Available fault plane solutions of moderate and strong earthquakes (M ≥ 5.0) in the Lefkada segment of the KTFZ and the collision front extend as far as in the past such as 1973, from various sources ([42] for the earthquake of 1973/11/04, [43] for the earthquake of 25/02/1994 and the GCMT catalogue). Nevertheless, there are not any available focal mechanism solutions for earthquakes of such magnitude in the study area. Fault plane solutions for smaller magnitude earthquakes in the offshore area north of and close to Lefkada Island can be found in several studies ([8,44,45] among others). Those solutions are either covering the offshore area that is the southern edge of our study area, thus consistently following the NNE–SSW strike of the main fault zone, or they are not accompanied by a highly accurate focal distribution as in our study, because even in the most recent cases of the 2003 and 2015 earthquakes, the seismic activity in the area of the main fault under study was not intense.

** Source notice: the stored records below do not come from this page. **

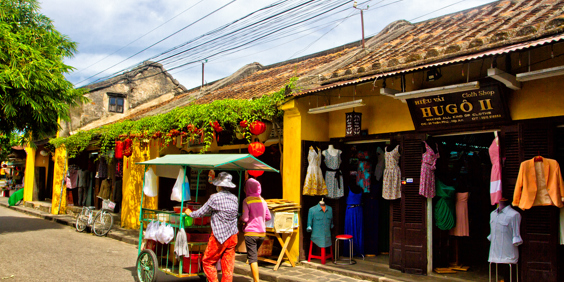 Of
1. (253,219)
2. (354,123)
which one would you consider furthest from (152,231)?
(354,123)

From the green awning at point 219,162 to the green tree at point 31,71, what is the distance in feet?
21.9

Figure 10 shows the identified active structures and a kinematic sketch of the study area. Τhe focal mechanisms determined in the present study (compression quadrants shown in red, and numbering according to Table 3) along with the focal mechanisms of earthquakes with M ≥ 5.0 were already published (green compression quadrants). Their origin time (YYYY/MM/DD) is shown on the top of the beach balls. The thick gray lines denote the major active boundaries, namely the KTFZ, where the dextral strike slip motion is shown by the antiparallel yellow arrows, and the collision front by the sawtooth line. The prolongation of the KTFZ in the study area, as identified and documented in the present study, is colored in red. The inset map shows the axes of maximum stress, P-axes, as they have been taken from the fault plane solutions shown in the main part of the figure. The thick brown curved arrows follow the P-axis rotation in agreement with the strike slip motion along the KTFZ and the counterclockwise rotation of the Adria microplate.

The local fault system sheds more light on the transition from the dextral strike slip motion along the KTFZ to the thrust faulting along the collision front. The thrust component present in the fault plane solutions determined for the stronger earthquakes of the 2019 swarm put in evidence the influence of the compressive stress field to the strike slip faults that are either striking along the KTFZ (the southern ones) or “kinking” (the northern one) for compensating the kinematic direction prevalent at this location. The slight but gradually changing rotation in the azimuth of the maximum stress axes, from south (green arrows in Figure 10) to the northernmost edge of the 2019 activated structures (red arrows), supports the hypothesis of a transpression movement in a transition zone between the transform and collision zones.

The examination of the b value changes shows lower values before and higher after the main shock occurrence. A noticeable decrease in the b value (from 0.6 to 0.5) was observed immediately after the occurrence of the M4.5 foreshock on January 15 2019 and remained low until the main shock occurrence on 5 February 2019. Then, it sharply increased to the values before the M4.5 foreshock and gradually became higher, approaching the value of 0.9.